To view images from the reception, click here

I begin by greeting everyone in the languages of the realm of New Zealand, in English, Māori, Cook Island Māori, Niuean, Tokelauan and New Zealand Sign Language.  Greetings, Kia Ora, Kia Orana, Fakalofa Lahi Atu, Taloha Ni and as it is the evening (Sign).

I then specifically greet you: Sir Michael Hardie Boys, my predecessor in office and Chair of the Trustees of the New Zealand Portrait Gallery; Avenal McKinnon, Director of the New Zealand Portrait Gallery and your husband John; Your Excellency Paul O’Sullivan, High Commissioner for Australia to New Zealand and your wife Merrilyn;  Distinguished Guests otherwise; Ladies and Gentlemen. 

Welcome to you all from Susan and I to Government House to this celebration of the return of the Norrie Collection and other portraits to Government House.

I wish to speak briefly of the significance of the collection, and its travels during the two-and-half years that this House underwent significant conservation.

In 1957 Sir Willoughby Norrie, who later became Lord Norrie, and Lady Patricia Norrie, gifted a collection of twelve British royal portraits to New Zealand.  Announcing the gift of the portraits, by letter to the Prime Minister, Sir Sidney Holland, Norrie wrote that the artworks were “a small token of gratitude for our great happiness during four and half years in New Zealand.”

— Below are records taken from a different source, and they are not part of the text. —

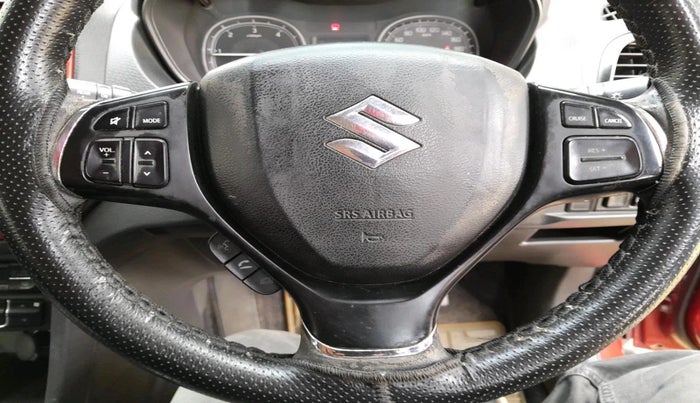 2017 Maruti Vitara Brezza ZDI PLUS DUAL TONE, Diesel, Manual, 1,44,192 km, interior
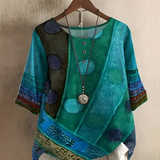Women's Top - Relaxed Summer Boho - Fiona - product view 2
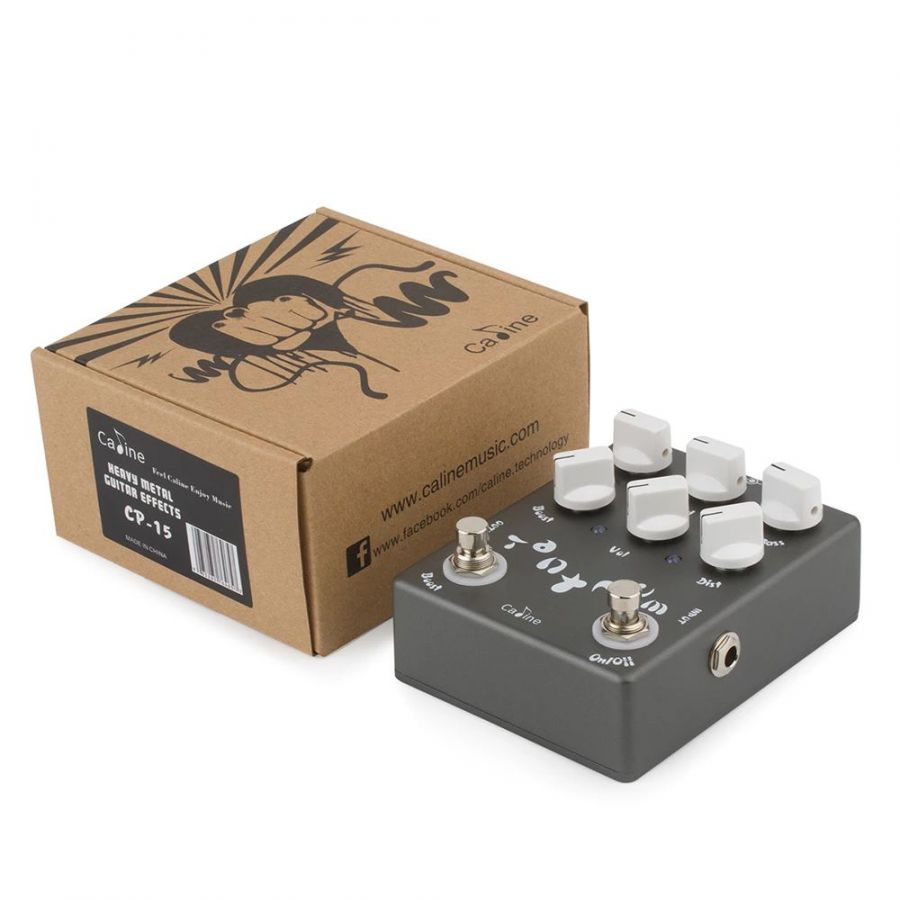 Pédale Distortion Tantrum Caline CP-15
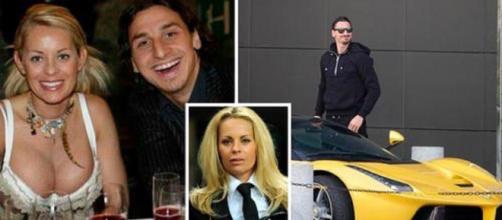 L'anecdote hilarante de la compagne de Zlatan sur leur rencontre agite Twitter 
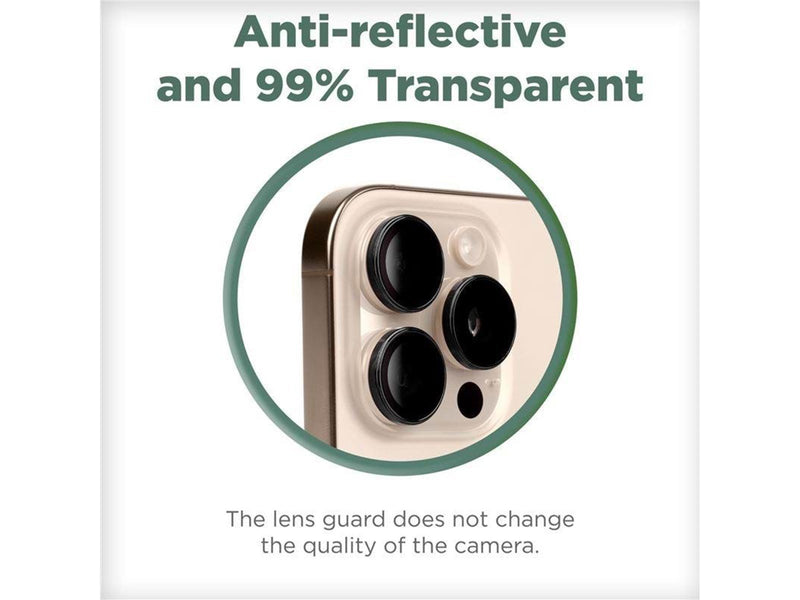 Mobile Origin Easy Lens guards black - iPhone 16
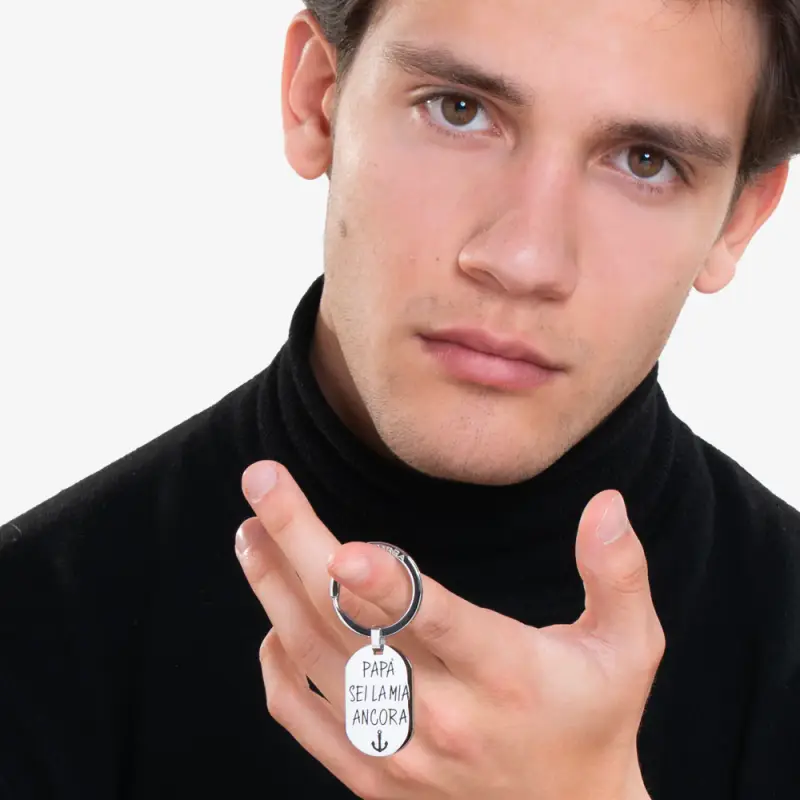 Luca Barra Portachiavi Uomo 2498270 miniatura 3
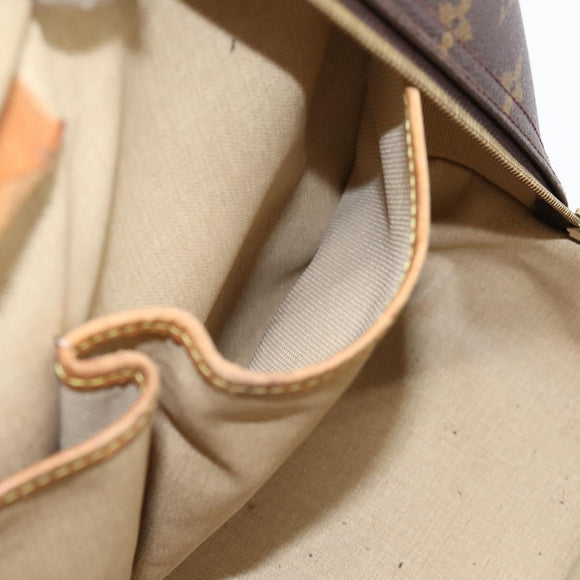 LOUIS VUITTON Monogram Deauville Hand Bag M47270 LV Auth BA15353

A number of the portraits had been purchased in 1953 soon after Norrie became Governor-General.  Others were already in the Norrie’s possession.  Their substantial gift remains a principal treasure here with some paintings that are more than 300 years old.  They link the Governor-General’s residence with the Queen of New Zealand and with the English Royal story.

The Collection can be said to be the heart of the art on display here.  It represents a history that is relevant to New Zealand’s adoption of the Westminster tradition.  The earliest portrait is that of King Richard II who reigned in the late 1300s.  The other monarchs after Richard II whose paintings are on the walls can be said to represent the evolving history of Parliament in whose interests they were served.

The twelve portraits in order of lineage include those of King Richard II already mentioned, King Henry VIII who reigned at the beginning of the 1500s, King Edward VI, who followed Henry, Queen Mary I, Queen Elizabeth I who reigned from 1558 until 1603, King Charles I from 1625 to 1649, his consort Queen Henrietta Maria, King Charles II in martial dress, King James II, and Prince George of Denmark, who was Prince Consort to Queen Anne at the beginning of the 1700s.  Lastly, a portrait of the three eldest children of King Charles I and Queen Henrietta Maria is not there as it is currently undergoing restoration.

When the House is full of visitors we always notice that people congregate near “the Norries” to gaze at the portraits of the British royalty covering a more than 200 year period.  People appear to look hard at each face for hairstyle, clothes, and other symbols reflecting the historical era and context.

The one artwork that can be called ‘the odd one out’ is the portrait of Oliver Cromwell whose contributions took place in the 1650s and who can be described as having put the grit in the Royal oyster which led to Parliament setting the terms of the contract with Charles II that whilst the Monarch reigns, the Government rules - which is the arrangement we inherit in New Zealand today.

Portraits, not part of the Norrie Collection, but which have returned, and form part of the Government House collection, include two hanging in this Ballroom.

Behind me hangs the portrait of Her Majesty Queen Elizabeth II, Queen of New Zealand.  This particular portrait was commissioned by Sir Charles Lyttelton, Viscount Cobham, who was Governor-General of New Zealand from 1957 to 1962.  It is now back in its place of honour here and can be said to endorse the Sovereign’s role in the function of this room which hosted six investiture ceremonies in the week just gone.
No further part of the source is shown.